Pero después de que, demorada, los amores reconoció
suyos,
sacude con sonoro golpe, indignos, sus brazos
y desgarrándose el cabello y abrazando el cuerpo amado
sus heridas colmó de lágrimas, y con su llanto el crúor
mezcló, y en su helado rostro besos prendiendo:
“Píramo”, clamó, “¿qué azar a ti de mí te ha arrancado?
Píramo, responde. La Tisbe tuya a ti, queridísimo,
te nombra; escucha, y tu rostro yacente levanta.”
Al nombre de Tisbe sus ojos, ya por la muerte pesados,
Píramo irguió, y vista ella los volvió a velar.

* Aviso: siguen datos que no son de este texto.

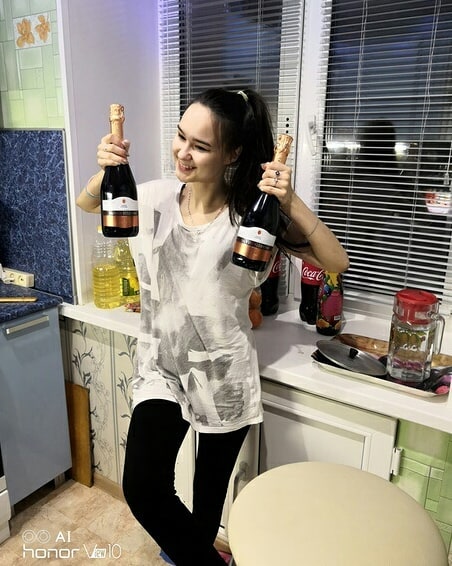 love_kissner_118 in LOOKY. . Как будто еще вчера ...
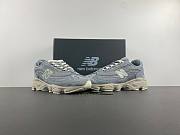 New Balance 1000 Kith 101 Quarry M1000KQ - 4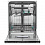 Встраиваемая посудомоечная машина Gorenje GV672C60 - микро фото 3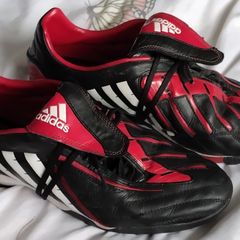 Adidas predator Astro turf trainers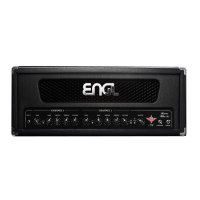 ENGL E765 Усилитель для электрогитары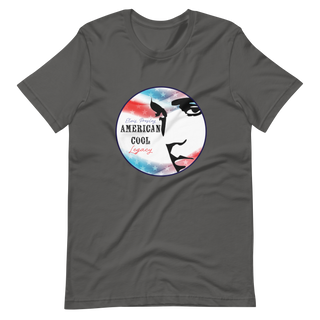 Plymouth Shock "American Cool - Elvis Presley" Unisex t-shirt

La cual, después de que la prenda suya reconoció y
vacío
de su espada vio el marfil: “Tu propia a ti mano”, dice, “y
el amor,
te ha perdido, desdichado. Hay también en mí, fuerte para
solo
esto, una mano, hay también amor: dará él para las heridas
fuerzas.
Seguiré al extinguido, y de la muerte tuya tristísima se me
dirá
causa y compañera, y quien de mí con la muerte sola
serme arrancado, ay, podías, habrás podido ni con la muerte
serme arrancado.
Esto, aun así, con las palabras de ambos sed rogados,
oh, muy tristes padres mío y de él,
que a los que un seguro amor, a los que la hora postrera unió,
de depositarles en un túmulo mismo no os enojéis;
mas tú, árbol que con tus ramas el lamentable cuerpo
ahora cubres de uno solo –pronto has de cubrir de dos–,
las señales mantén de la sangría, y endrinas, y para los
lutos aptas,
siempre ten tus crías, testimonios del gemelo crúor”,
dijo, y ajustada la
punta bajo lo hondo de su pecho
se postró sobre el
hierro que todavía de la sangría estaba tibio.
Sus votos, aun así, conmovieron a los dioses, conmovieron a
los padres,
pues el color en el fruto es, cuando ya ha madurado,
negro,
y lo que a sus piras resta descansa en una sola urna.”